Before delving any deeper into both series’ specific inflections, let’s take a look at the major points of comparison.

Hubots vs Synths

Hubots, with their doll-like faces, overly made-up skin and plastic hair, look much more unnatural than Synths, who are distinguishable from humans only by their eye colour, smooth, efficient movements and even voice tones. Hubots also behave in a more recognisably robotic way than Synths; their eyelids for instance, blink rapidly and emit a bleeping sound when they malfunction. While Synths are activated and deactivated under their chins, Hubots are turned on and off via a button in their armpit (perhaps the UK actors proved too ticklish?).

Hubots are also capable of super-strength feats that–Anita saving Toby’s life aside–we’ve not yet seen from Synths. One memorable scene in Real Humans’ series one finale shows a Hubot vaulting gymnastically over a car. Pris in Blade Runner, eat your heart out.
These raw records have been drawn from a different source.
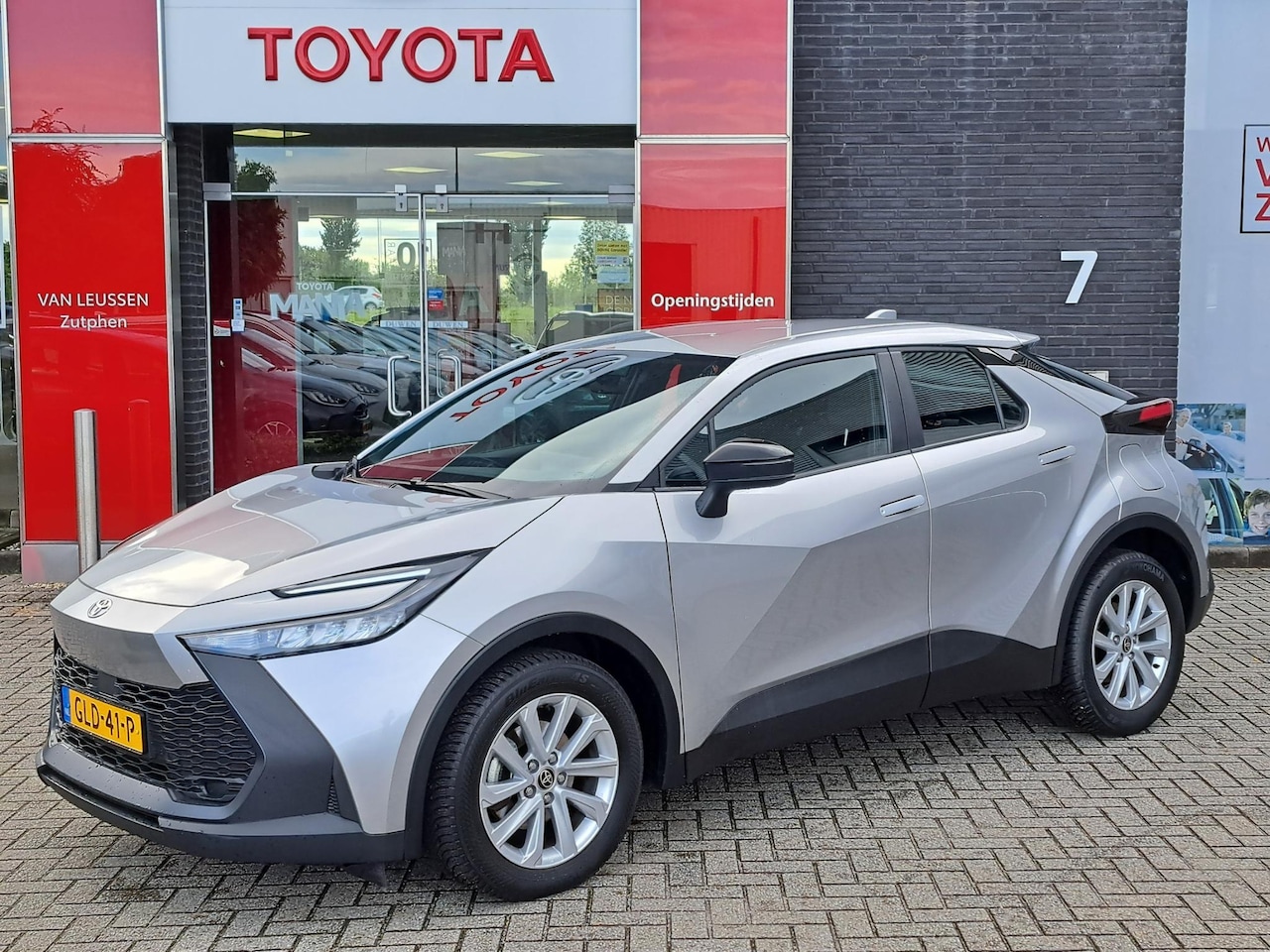 Toyota C-HR - 1.8 Hybrid 140 ANDROID & APPLE DIGITALE TELLERS METALLIC LAK - AutoWereld.nl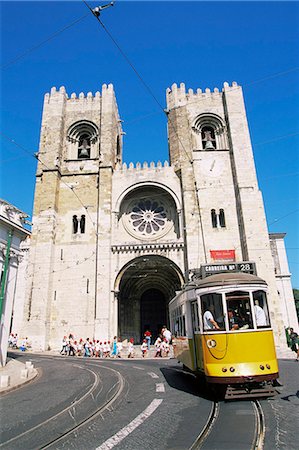 simsearch:841-03677100,k - Electrico (electric tram) in front of the Se Cathedral, Lisbon, Portugal, Europe Foto de stock - Con derechos protegidos, Código: 841-03062043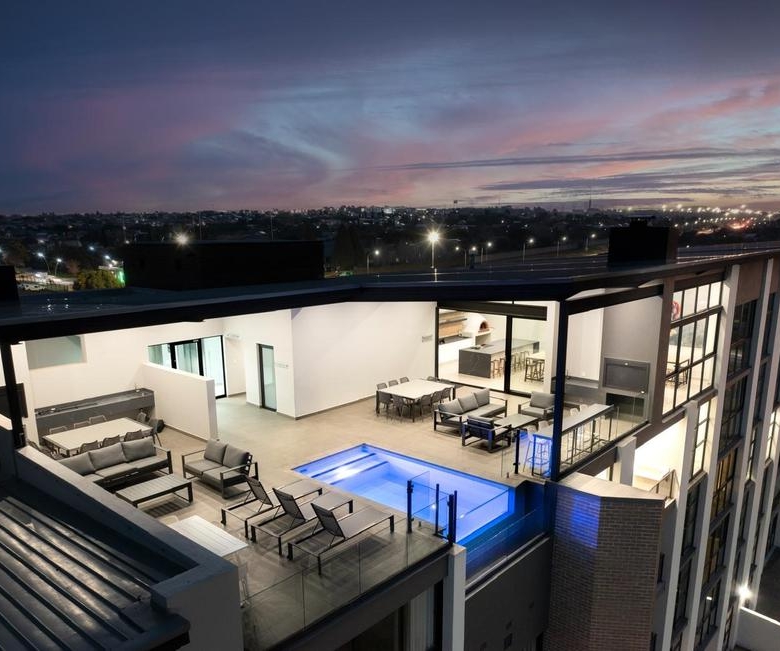 Luxury at your door step! 3x Bedroom Apartment immediately available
In terms of behavior, illegally modding a non-conscious Hubot seems to give them a kind of autonomy. A sex toy Hubot modded to show pain by her sadistic owner violently turns on him. A domestic Hubot modded to act as a bodyguard to, and have sex with, his owner, becomes arrogant and deliberately deceptive.

Another difference between the two is the existence of Hubot copies, versions of people who have died, made to comfort families of the bereaved.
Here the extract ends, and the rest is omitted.